Déficit Primário Previsto Cai para R$ 52 Bilhões com Precatórios
Previsão de déficit primário cai para R$ 52 bilhões com inclusão de precatórios e outras despesas. Governo projeta superávit primário e libera verbas.

A previsão de déficit primário para o ano corrente foi revisada para R$ 52 bilhões, uma diminuição significativa em relação à estimativa anterior de R$ 60,3 bilhões. Esta atualização consta no Relatório Bimestral de Avaliação de Receitas e Despesas, um documento fundamental para a execução do Orçamento, que foi encaminhado ao Congresso Nacional.
## Ajuste nas Contas Públicas
O déficit primário refere-se ao resultado negativo das contas do governo, excluindo o pagamento de juros da dívida pública.

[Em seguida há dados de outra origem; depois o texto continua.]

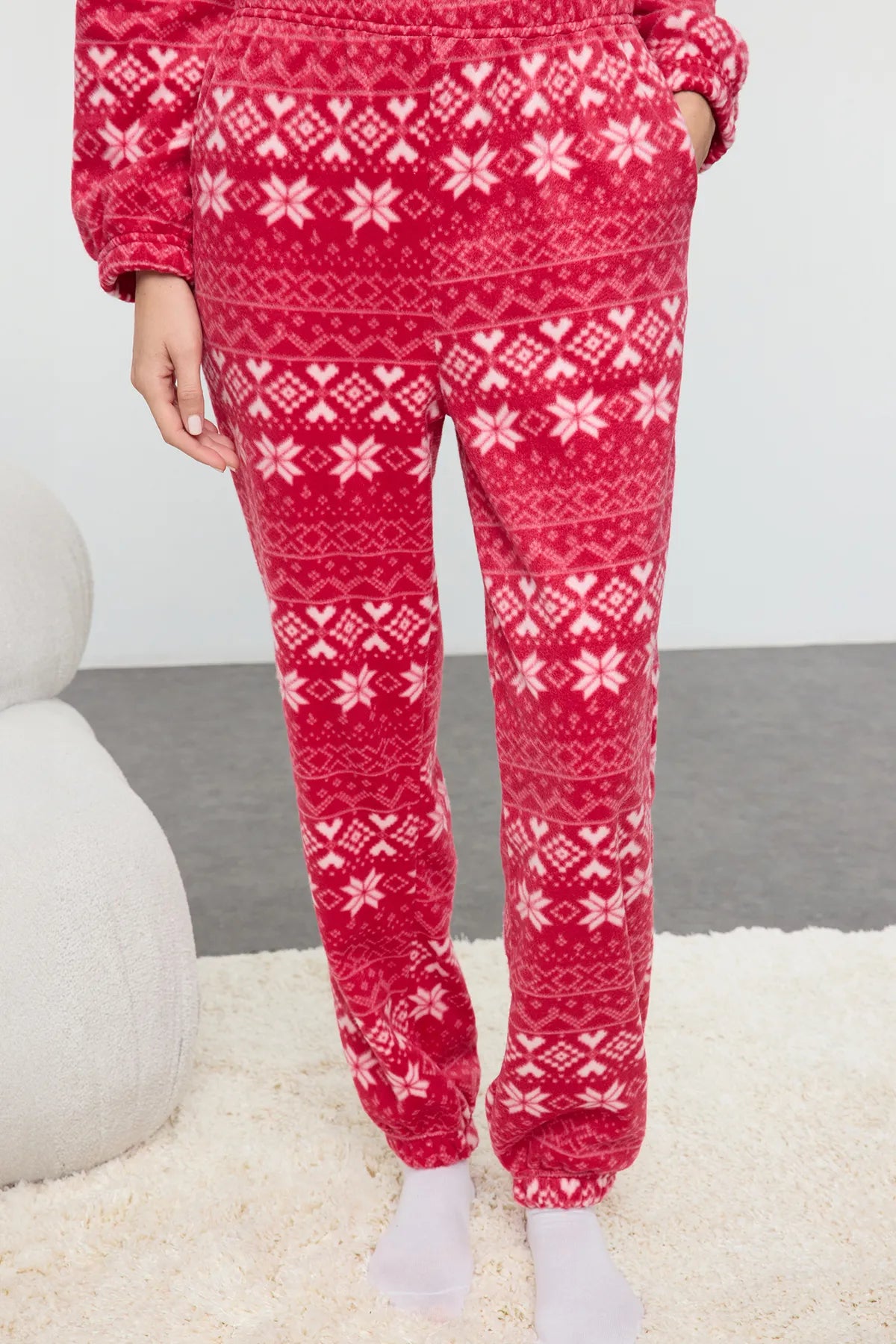 Red Winter Themed Winter Polar Knitted Pajama Set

A recente estimativa leva em consideração os precatórios, que, após um acordo com o Supremo Tribunal Federal (STF) em 2023, foram excluídos da meta fiscal até o presente ano. Adicionalmente, certas despesas com defesa, saúde e educação também foram retiradas da meta por força de lei.
Com a inclusão desses itens – precatórios e outras despesas fora do arcabouço fiscal –, o montante de gastos excluídos da meta de resultado primário totaliza R$ 62,8 bilhões. No relatório anterior, esse valor era de R$ 64,4 bilhões. No entanto, ao desconsiderar essas exclusões e focar estritamente no resultado primário previsto pelo governo, a expectativa é de um superávit primário de R$ 10,8 bilhões. Este superávit representa a economia de gastos governamentais destinada ao pagamento dos juros da dívida pública.

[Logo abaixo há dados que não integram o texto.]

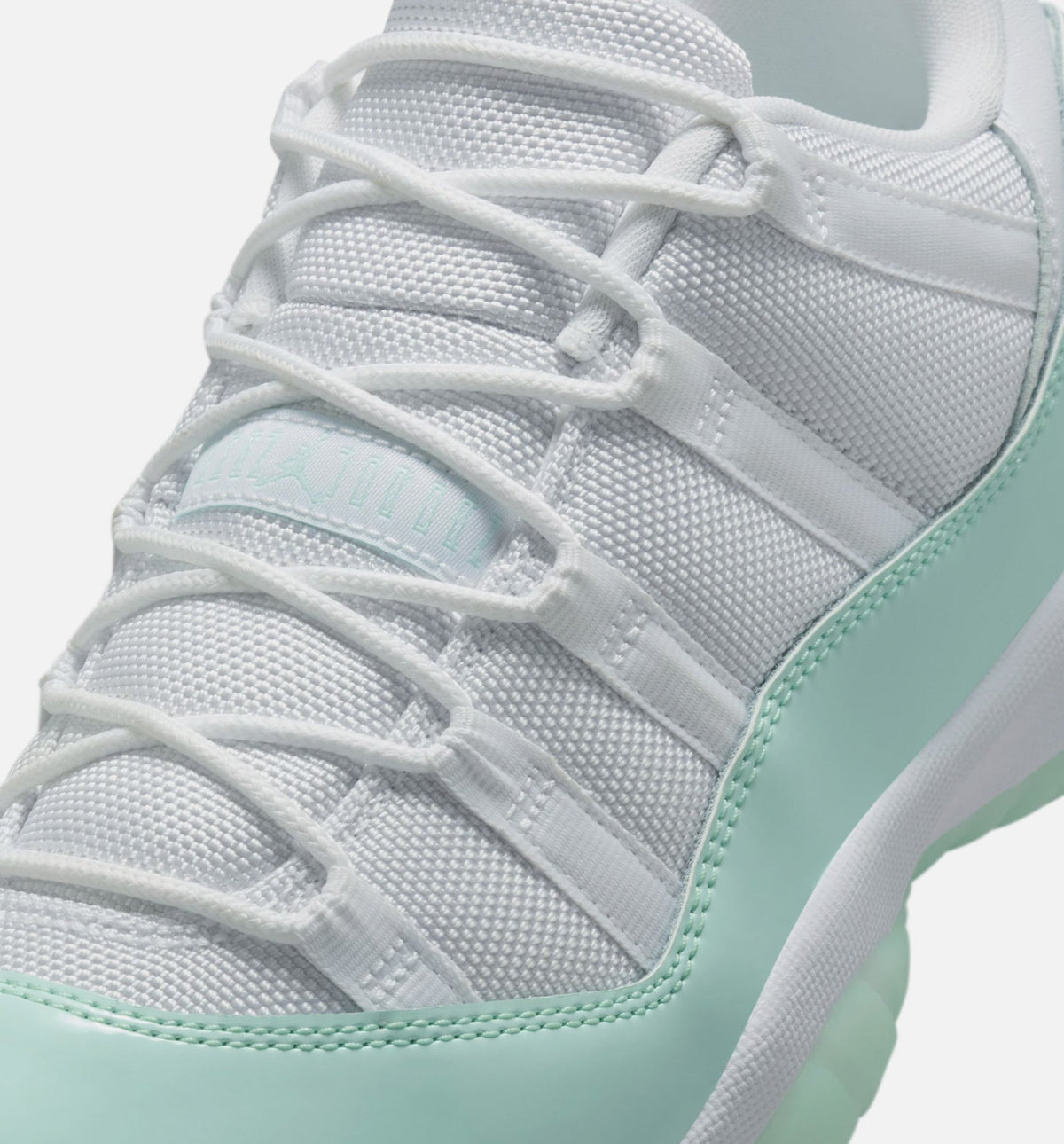 Air Jordan 11 Retro Low Igloo Women's – White/Igloo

## Impacto no Orçamento e Receitas
Devido à projeção de superávit primário, o governo optou por não realizar contingenciamentos de verbas no Orçamento deste ano. Os Ministérios da Fazenda e do Planejamento promoveram o desbloqueio de R$ 5,7 bilhões. Esse bloqueio é uma medida usualmente necessária para o cumprimento dos limites de gastos estabelecidos pelo arcabouço fiscal, mas não está diretamente atrelado à meta de resultado primário. Com essa liberação, o valor total bloqueado do Orçamento de 2026 foi reduzido de R$ 23,7 bilhões para R$ 17,9 bilhões.

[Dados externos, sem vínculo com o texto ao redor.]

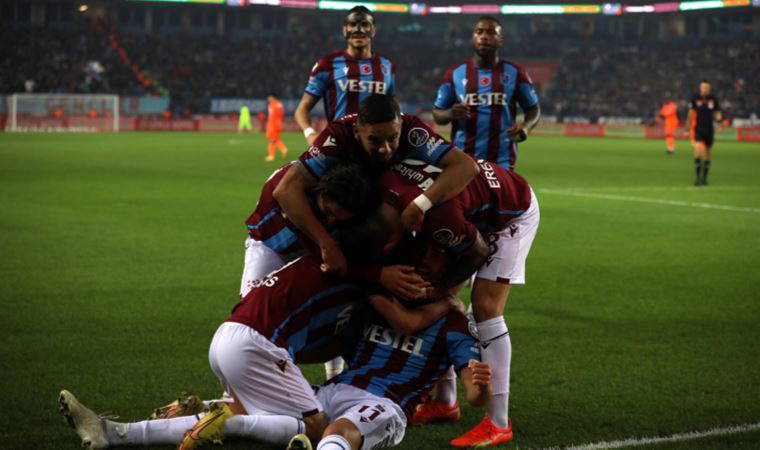 Zorlu maçta Trabzonspor kazanmasını bildi! Trabzonspor 1-0 Başakşehir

O relatório bimestral também projeta um aumento de R$ 12,3 bilhões nas receitas líquidas em comparação com o valor inicialmente aprovado no Orçamento de 2026. Essa elevação é impulsionada, principalmente, por uma revisão na estimativa de arrecadação do Imposto de Renda, influenciada pelo crescimento da inflação decorrente do conflito no Oriente Médio. Paralelamente, estima-se um aumento de R$ 4 bilhões nas despesas totais. As receitas administradas pelo Fisco, que englobam os tributos, apresentaram variações significativas. Ao subtrair as transferências para estados e municípios, que devem crescer R$ 7 bilhões, o aumento total das receitas líquidas alcança os R$ 12,3 bilhões mencionados. Por outro lado, as receitas não administradas pela Receita Federal tiveram uma redução estimada em R$ 4,3 bilhões.